君のぬくもりを忘れたい

ラ…イバル?

俺の名前を呼ぶ男子が、
近づいてきた。

(???)

知り合いーだっけ?

顔がしっかり見えるぐらいの位置に
きて、ようやくわかった。

「…汐…るい?」

汐田 るい。
ちっさい頃から会ってないので
わからなかった。


少し焼けた肌に
短めの髪。

変わっていた。

てか俺、よくわかったな。
我ながら感心してしまう。

「一瞬忘れてもてたやろ!たいしてなかよぉなかったのに覚えとるとかたいしたもんや。久しぶり」

「おう、久しぶり!その様子だと元気だな」

「あぁ!大阪パワーもらってきたでぇ」

相変わらず元気だな。
the 健康って感じだ。

「ところで日奈太〜
さっきの美女誰や!?」


「…壷林さんの事?」


「壷林さんって言うんか!!!俺…」

ほらね、壷林さん。
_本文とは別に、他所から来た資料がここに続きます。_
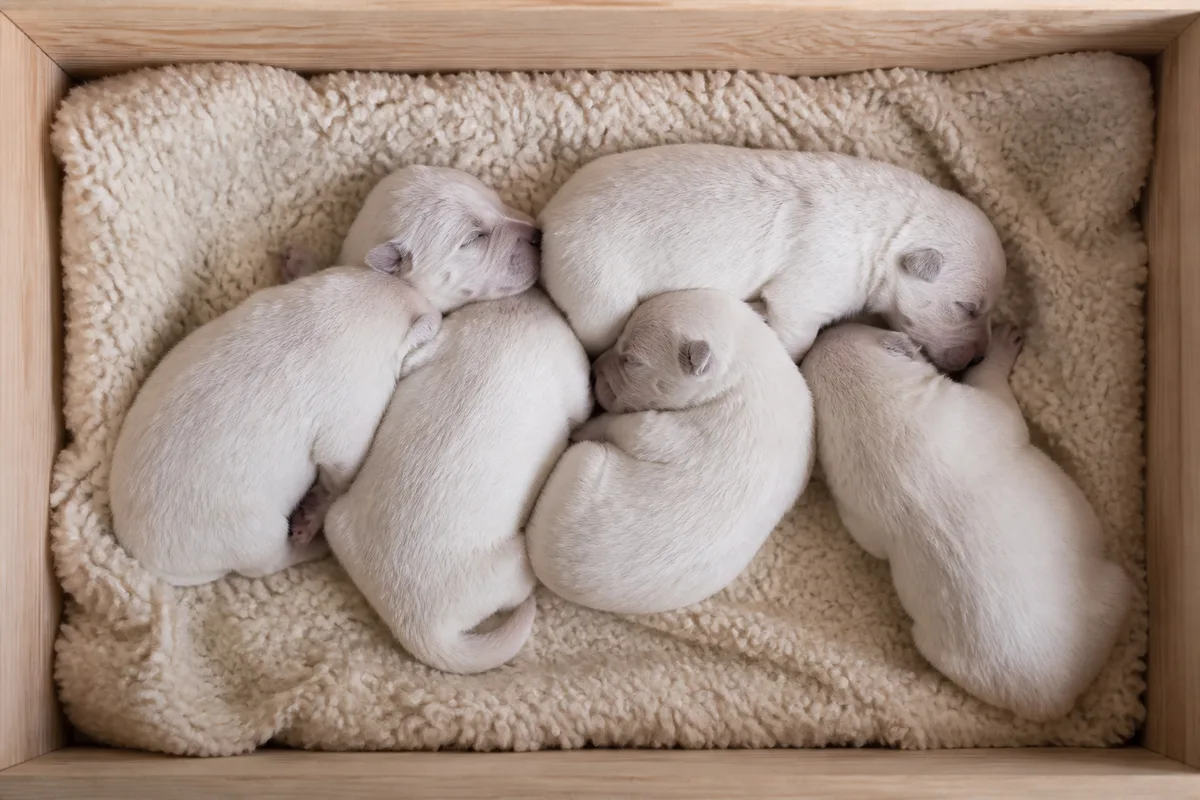 Portée de chiots samoyèdes blancs blottis les uns contre les autres sur une couverture claire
君はこんなにも注目されるぐらい綺麗で –––––––––


「一目惚れしてもうたわ」


モテるんだよ 。


「…」

「もしかして、付き合ってるとかないよな⁉︎
フリーやんな⁉︎」

「付き合ってないよ」

「よっしゃー 俺がんばろ」

関西弁が、静かな廊下に響く。

「教室はいれよ〜!!!あ、転校生はこっちだ!」

二組の担任が俺らに言う。

「ほーい!じゃあな、日奈太。

…お互い頑張ろーや」
誰にも聞こえない低いトーンで
るいは俺に言った。


呆然と立ち尽くす。


頑張る って何を?

壷林さんと

〝両思い〟だとか〝カレカノ〟だとかに
なれるようにってことか ー ?

そんなこと考えてなかった。

俺の一方的な片思いで満足してた。



––––––––––それでいいんだ。

満足しなきゃいけない。

恋人ができる価値がないんだ、俺は。

いや、俺がそれを望んでるから。


自分のことを好いてくれる、
自分の好きな人を傷つけるくらいなら ー


もどかしくてたまらない
他の人とは違う片思いで充分。


–たとえ届かなくても誰かを心から愛することができるって幸せなこと–

母さんが言ってたようなきがする。

納得だ。






でも –––––––––


できるくらいなら


俺だって


君に

「好き」って言ったり

君と

「両思い」になれたり …





してみたかったよ。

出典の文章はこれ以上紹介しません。